4. HR professionals trained in compensation, industrial/organizational (I-O) psychology or other quantitative fields have a competitive advantage in human capital analytics. When discussing a statistical model involving logistic regression that analyzed gender bias in equity grants, a participant asked where one could find the required “technical” talent.  There are plenty of people trained in statistics, but few of them have the background necessary for the happy coincidence of technical expertise and experiential insight.  We have discussed in a previous post how compensation professionals have a competitive advantage in practicing human capital analytics. Another participant and independent consultant, Bonnie Pollack, suggested we not forget those HR professionals trained in industrial/organizational psychology (I-O psychology), many of whom have the requisite statistical and research methodology training. You can learn more about these professionals through the Society for Industrial and Organizational Psychology.

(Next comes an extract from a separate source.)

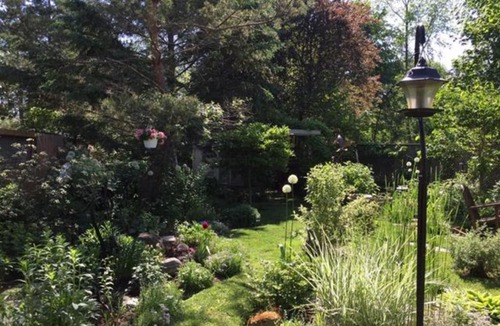 Historic Old Town Bed & Breakfast | 2 Moon Cottage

5. There is a scarcity of good training opportunities. While there are many conferences on human capital analytics, there is a gap when it comes to training in human capital analytics. One of the reasons is that you just can’t get away from having to do some statistics, which is not an attractive proposition on the demand and supply sides of the equation. The other is that much of the human capital analytical work done within companies is very targeted and does not lend itself to generalization. One cannot ignore that companies have a competitive interest in not divulging analytical experiences and methodologies.  Some training material has emerged, but it is typically focused on HR metrics or getting comfortable with data.

6. There is a need for an in-depth handbook of human capital analytics. I reviewed the extant HR Analytics Handbook in a previous post. As I said in the review, it is a timely publication that provides a quick and concise summary of the current state of affairs. However, it does not go into enough detail. What’s needed is a “how-to” guide that describes the actual models and how to build them from scratch. It’s delightful to read about all the great results companies have achieved through human capital analytics, but how about the details on what exactly they did?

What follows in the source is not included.